[Information provided]:
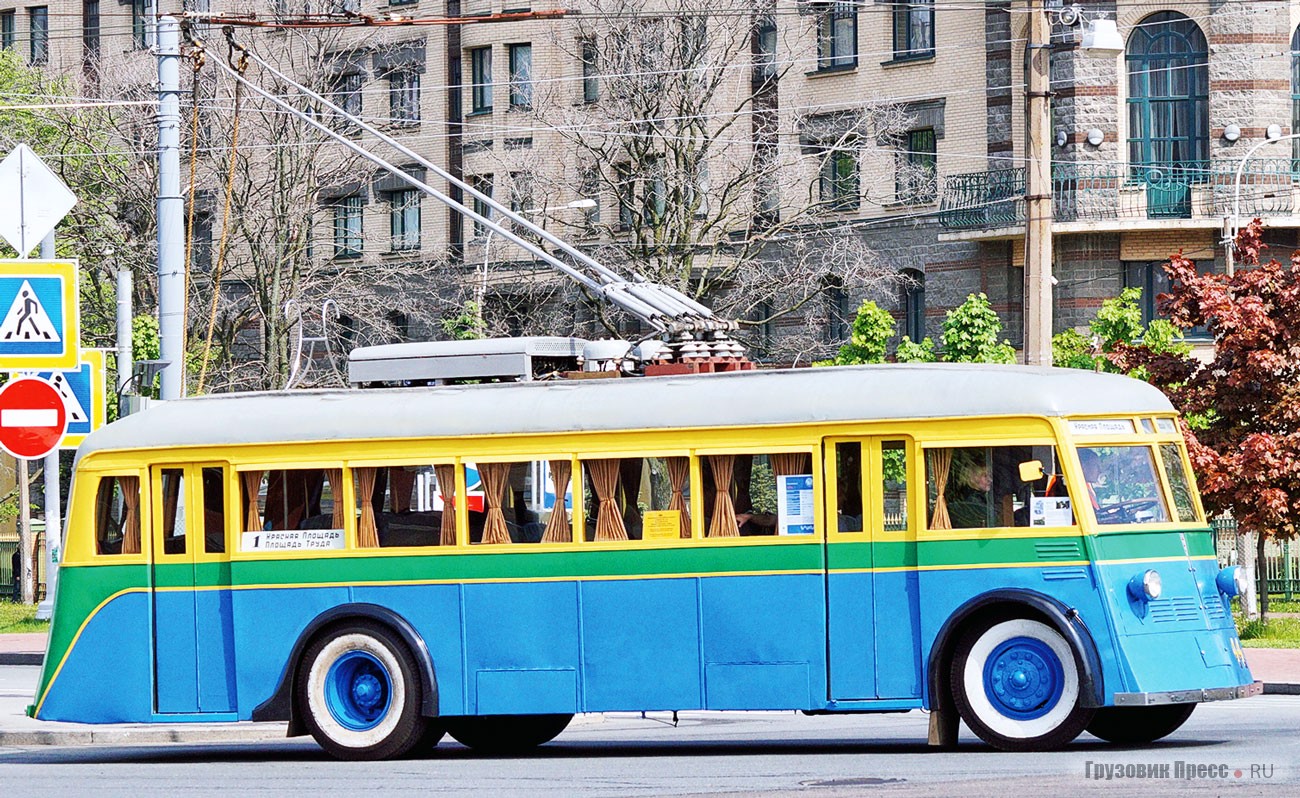 [b]ЯТБ-1[/b] 1936 года – единственный сохранившийся довоенный ярославский троллейбус, настоящая гордость музея «Горэлектротранса». В загашниках музея хранится остов ещё одного ЯТБ, однако пока эта машина – единственный образец, экспонируемый в трамвайном парке на Среднем проспекте и нередко выезжающий на улицы Санкт-Петербурга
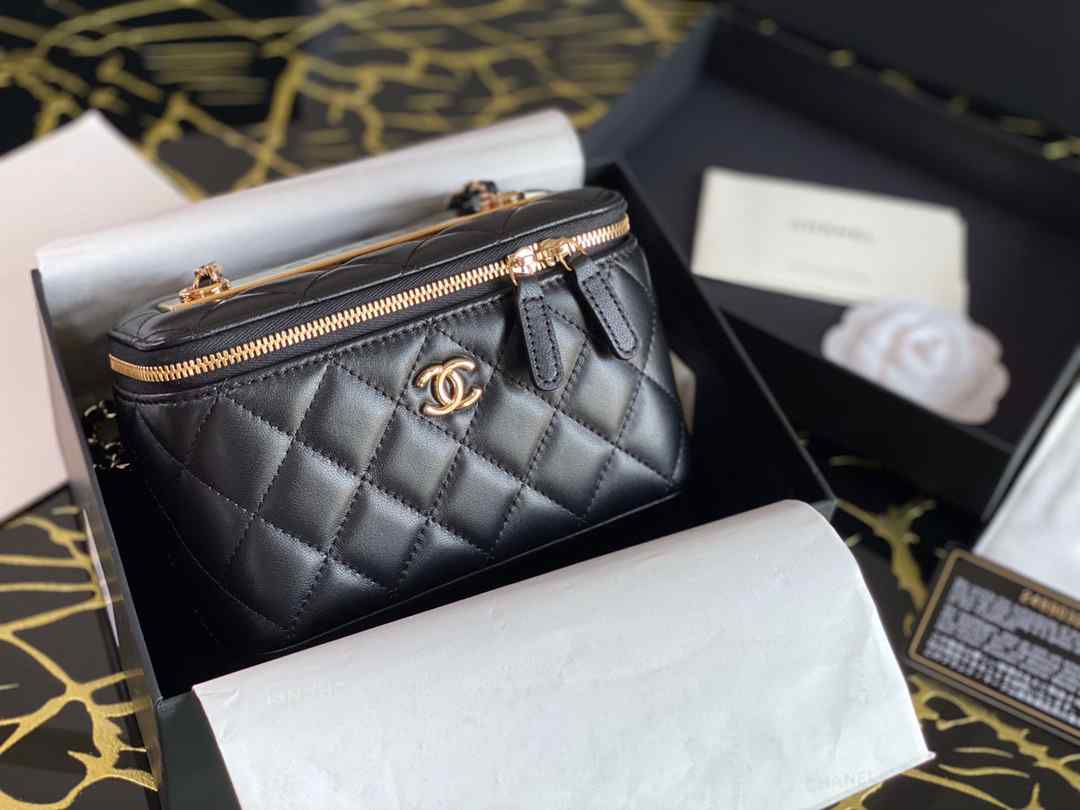 CHANEL HANDBAG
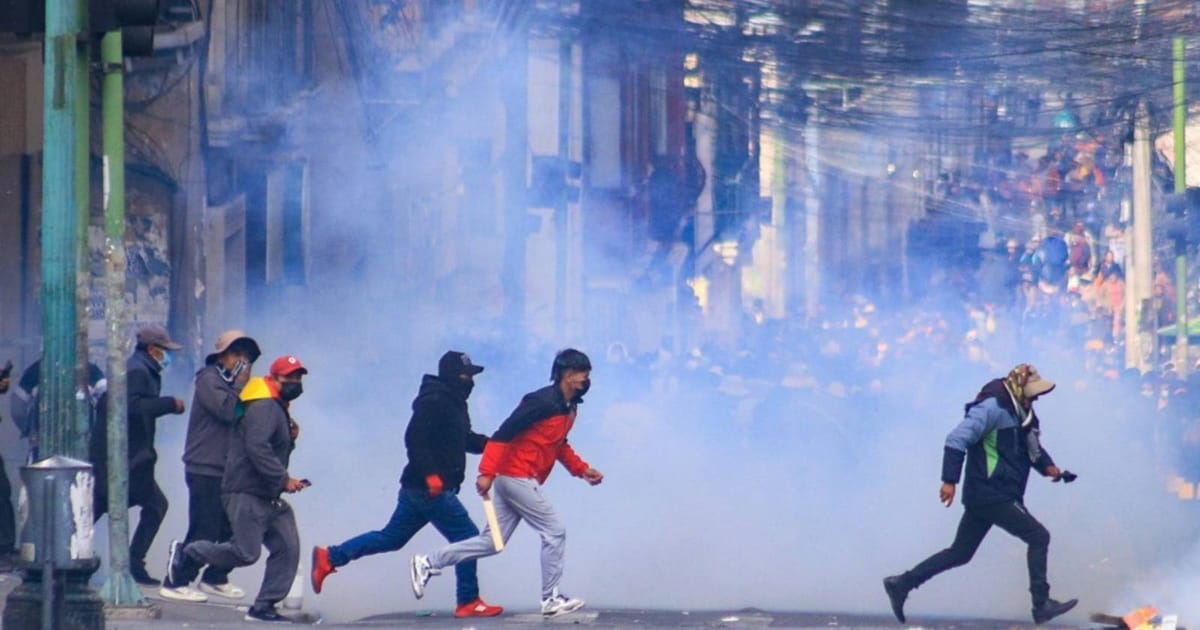 Bolivia protest sees violent clashes, looting in La Paz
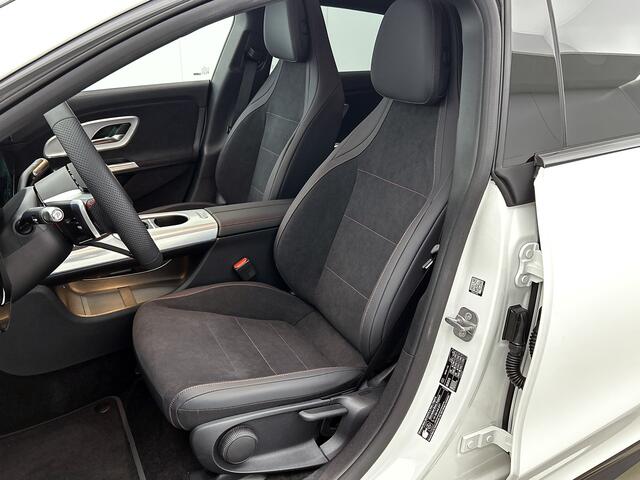 Mercedes-Benz Cla Shooting Brake 250+ Business Solution AMG 85 kWh | Nightpakket | Trekhaak | Vast panoramadak |Sportstoelen | Massagefunctie | Warmtewerend, donkergetint glas | 18 inch vijfspaaks lichtmetalen AMG-velgen |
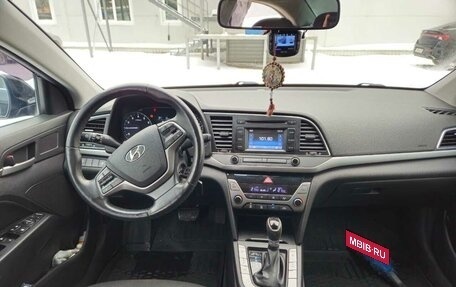 Hyundai Elantra VI рестайлинг, 2017 год, 1 700 000 рублей, 8 фотография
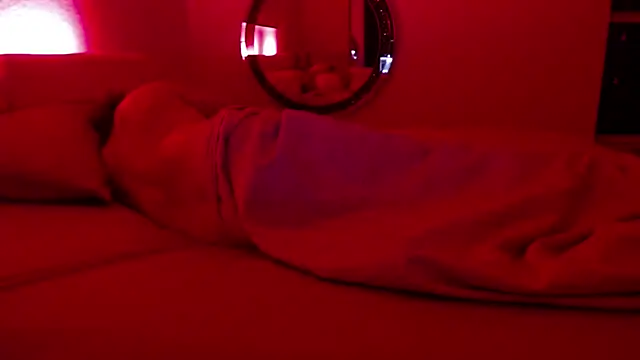 Walkingboots online show from March 6, 4:52 am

[Action item]:
Every line from the one with "CHANEL HANDBAG" through the last line of the material gets printed exactly, and nothing more. Omit the pictures.

[Solution]:
 CHANEL HANDBAG
 Bolivia protest sees violent clashes, looting in La Paz
 Mercedes-Benz Cla Shooting Brake 250+ Business Solution AMG 85 kWh | Nightpakket | Trekhaak | Vast panoramadak |Sportstoelen | Massagefunctie | Warmtewerend, donkergetint glas | 18 inch vijfspaaks lichtmetalen AMG-velgen |
 Hyundai Elantra VI рестайлинг, 2017 год, 1 700 000 рублей, 8 фотография
 Walkingboots online show from March 6, 4:52 am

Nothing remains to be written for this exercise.